[Goal of the exercise]:
Pictures in the entries below are to be left out; otherwise, reproduce exactly the lines from the first through the line containing "May include: A".

[Task material]:

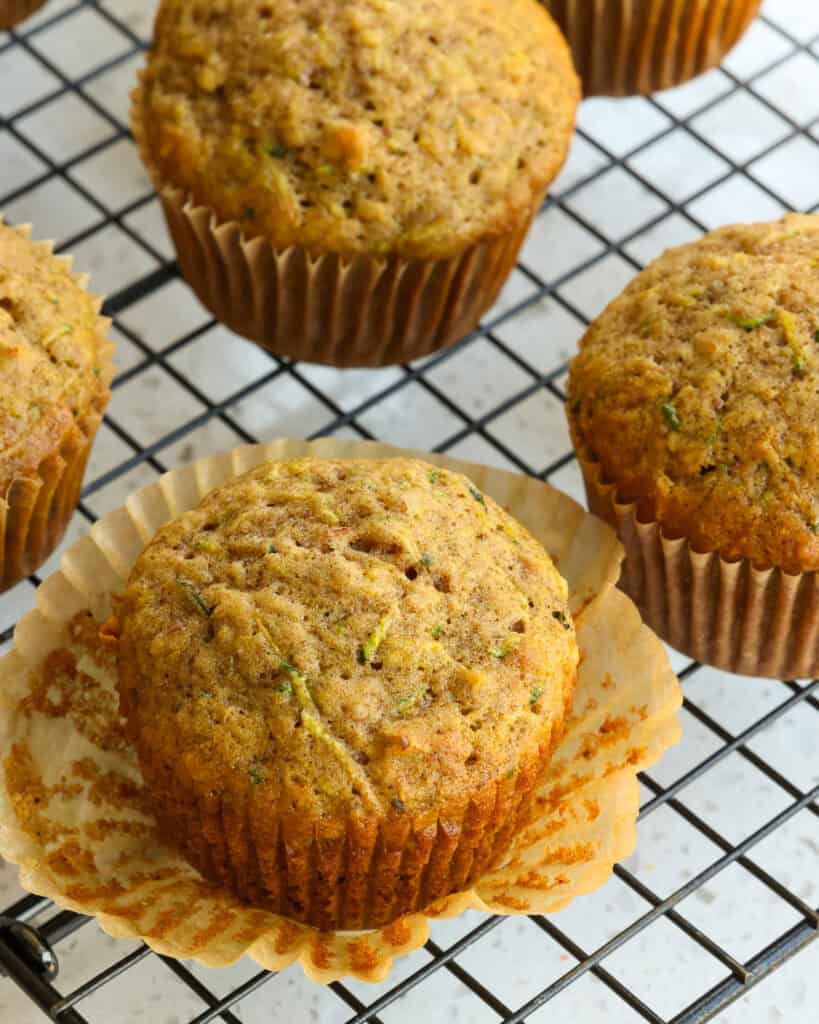 A zucchini muffin with the baking cup removed on a cooling rack. 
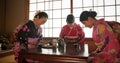 Japanese, women and bow for tea ceremony in Chashitsu room with kimono dress or custom tradition. People, temae and Royalty Free Stock Photo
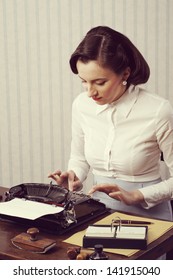 Retro Business Woman Typing In Her Office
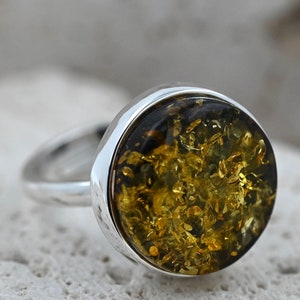 May include: A silver ring with a large, circular amber stone. The amber is a mix of golden and dark brown, with a textured, fragmented look. The ring's band and setting are made of polished silver.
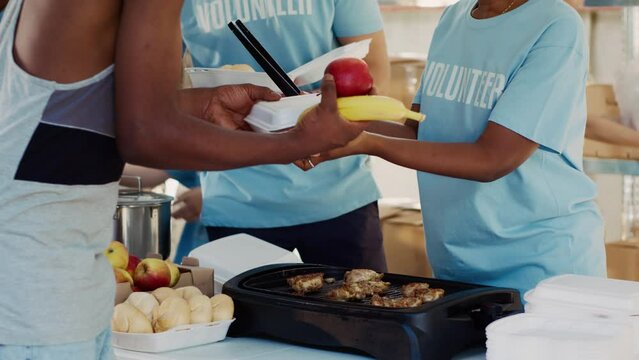 Friendly volunteers distribute generous food donations to homeless people showing impact of charitable works. Close-up of voluntary individuals serving and sharing warm meals to the less fortunate.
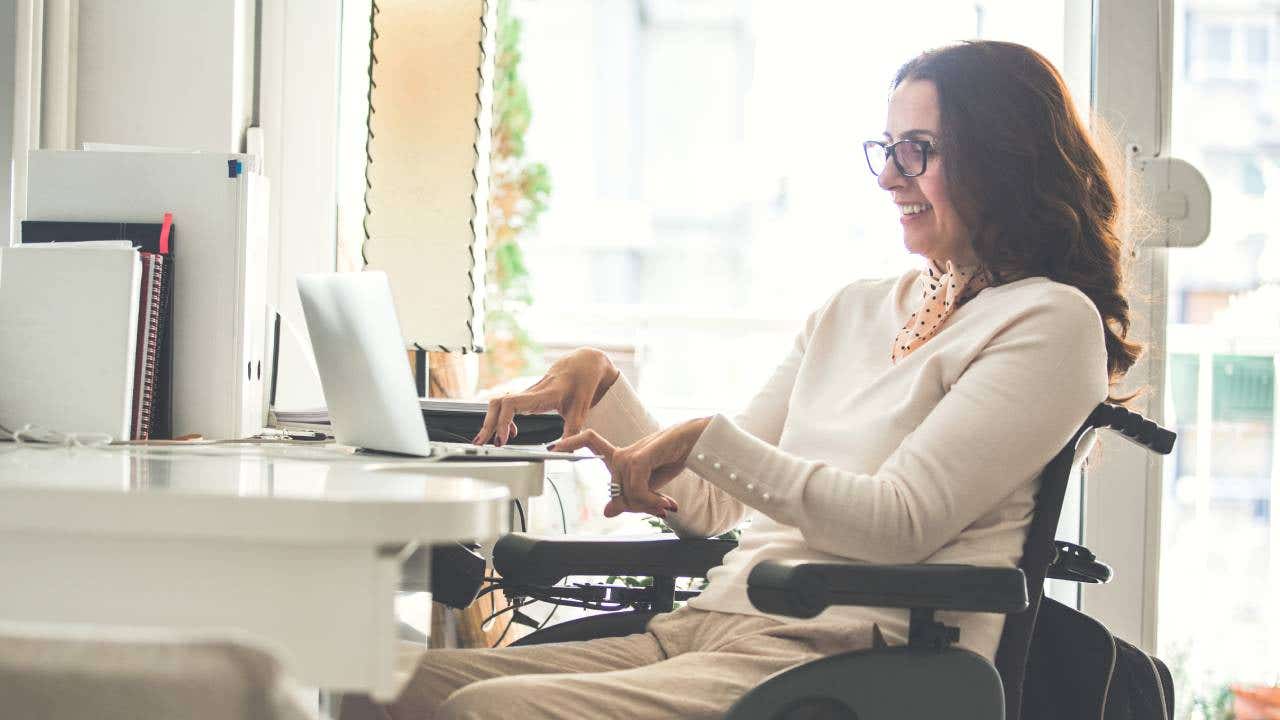 Side view of a happy woman with physical disability working on a laptop in the office.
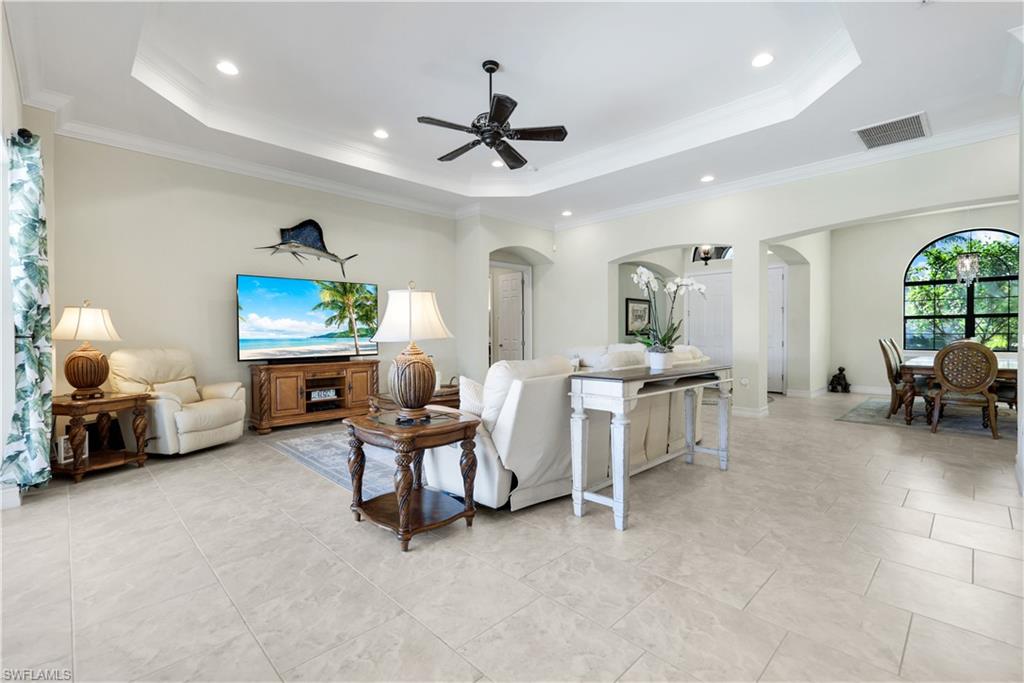 1456 Mockingbird Drive Naples, FL 34120 - Photo 38 of 43 a living room with furniture and a large window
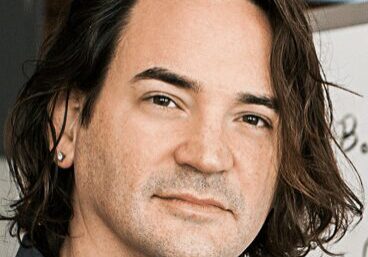 Portrait of a man with medium-length hair and a neutral expression.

[Answer]:
 A zucchini muffin with the baking cup removed on a cooling rack. 
 Japanese, women and bow for tea ceremony in Chashitsu room with kimono dress or custom tradition. People, temae and Royalty Free Stock Photo
 Retro Business Woman Typing In Her Office
 May include: A silver ring with a large, circular amber stone. The amber is a mix of golden and dark brown, with a textured, fragmented look. The ring's band and setting are made of polished silver.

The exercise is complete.